How to get internal buy-in to support your zero waste goals
A waste management audit can turn up some surprising things – not least the discovery of green advocates that you didn’t know you had. That’s why it’s so important to understand what’s going on in your business, and to think about how you will encourage your teams to buy into your zero waste plans. Companies that fail to engage employees at every level of their business are setting themselves up for failure. Every single person in your organisation is a link in the cycle that can make or break your sustainability goals.
Are you talking to me?
The language you use is an important part of communications, so the buy-in you need to support your zero waste goals should be communicated in ways that resonate with all of your employees.

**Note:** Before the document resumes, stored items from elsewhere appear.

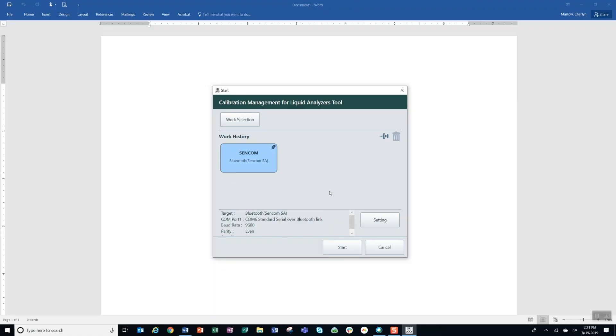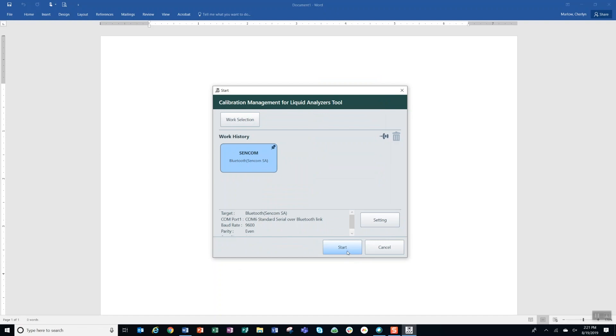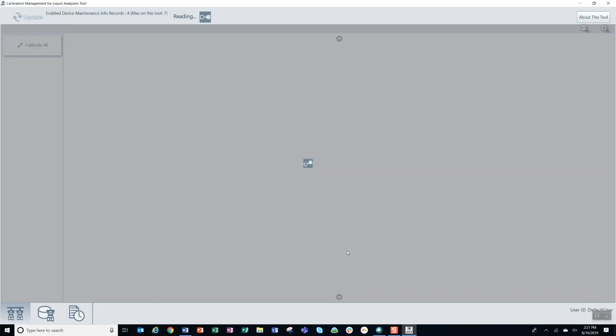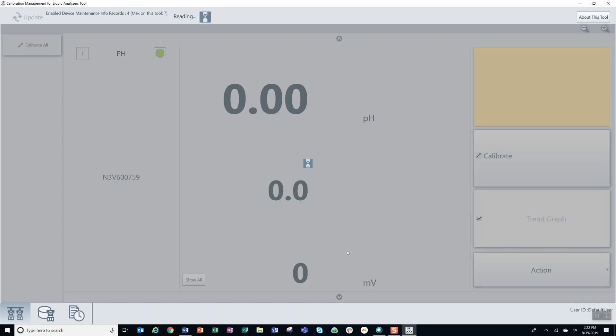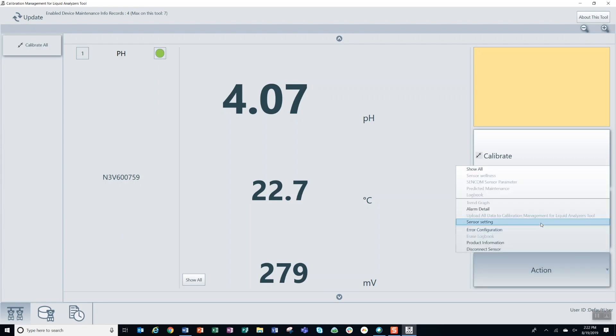Once you have your IB100 connected to your laptop, you'll open the calibration management tool. From here, you'll go to setting and make sure you have your COM port and address correctly set. In this case it's COM port 6, address 1. Then you'll click save at the bottom, and then hit the start button. Once the calibration tool has picked up your sensor, you'll go to the bottom right and click action, then go to sensor setting.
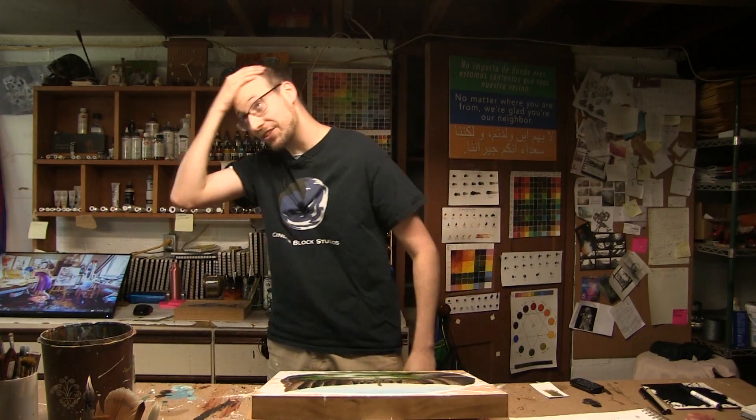Hey there fellow creators, Ben here. Fuck. Wow. Forgot even that. And I'm back with another quick tip for all you... Fuck. Hey there fellow creators. Fuck. Hey there fellow creators, Ben here from CinderBlock Studios and welcome... Fuck. I don't even know now.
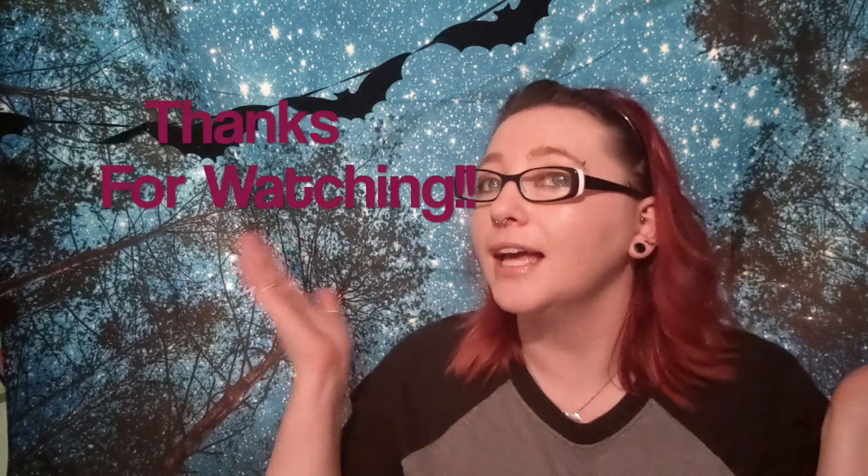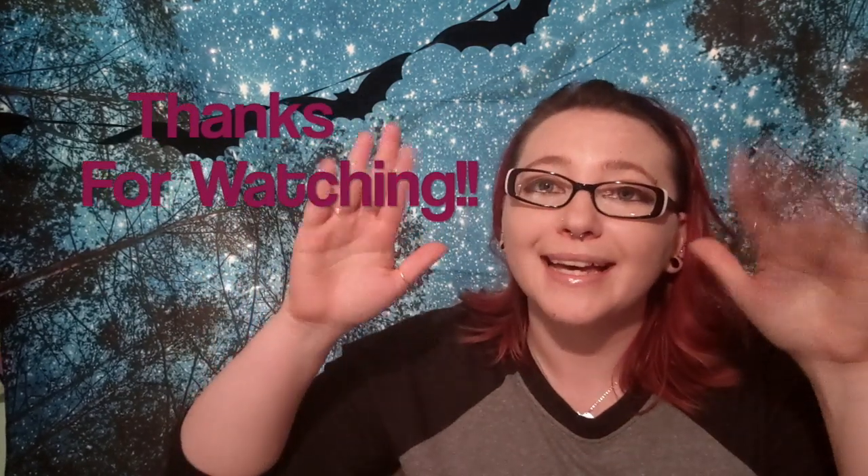If you've done stuff like this, leave me a comment or tag me on Instagram — I'm on there a bit more. Remember to hit that subscribe button if you want to keep seeing stuff from me, and I will see y'all next time. Thank you so much for watching and I hope y'all have a lovely rest of the week!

The managers responsible for implementing these projects throughout an organisation are focused on meeting targets and maintaining a smooth operation. They want to see a carefully planned rollout that will ease transition and support goals in the most logical, natural way.
You also need to make sure that you’re speaking to people in a way that resonates with them. Demonstrate your progress by showing the positive impact your teams are having on the environment – don’t just send out spreadsheets full of numbers and information about current percentages.
Look at current processes first – there are often simple ways of improving things that can make a great deal of difference to the outcome. We worked with a company where the introduction of different-coloured sacks for different material streams dramatically increased recycling rates.
In other words, we persuaded middle management to implement a simple tool that had little impact on the current process but would deliver the results they were after. This small alteration to their day-to-day operations was announced with a fanfare and supported by posters, training and guidance for their outsourced cleaners. Everyone was aware of the change in process and why it was taking place – and that ensured a strong uptake on their new recycling methods.
Keep up the conversation
Good communications should operate throughout an organisation. As CSR (corporate social responsibility) programmes grow in importance, we can help customers weave the sustainability message into their internal and external communication strategies. We think beyond the initial launch, ensuring that the message is embedded over time.
When developing a communication strategy with our customers, we use terms and phrases they are familiar with in a channel that works for them. Our range of communication tools includes
- welcome packs and posters for use on the shop floor,
- top-pocket guides for quick reference when out and about,
- email or intranet messages for refreshers,
- face-to-face training for projects or improvement plans.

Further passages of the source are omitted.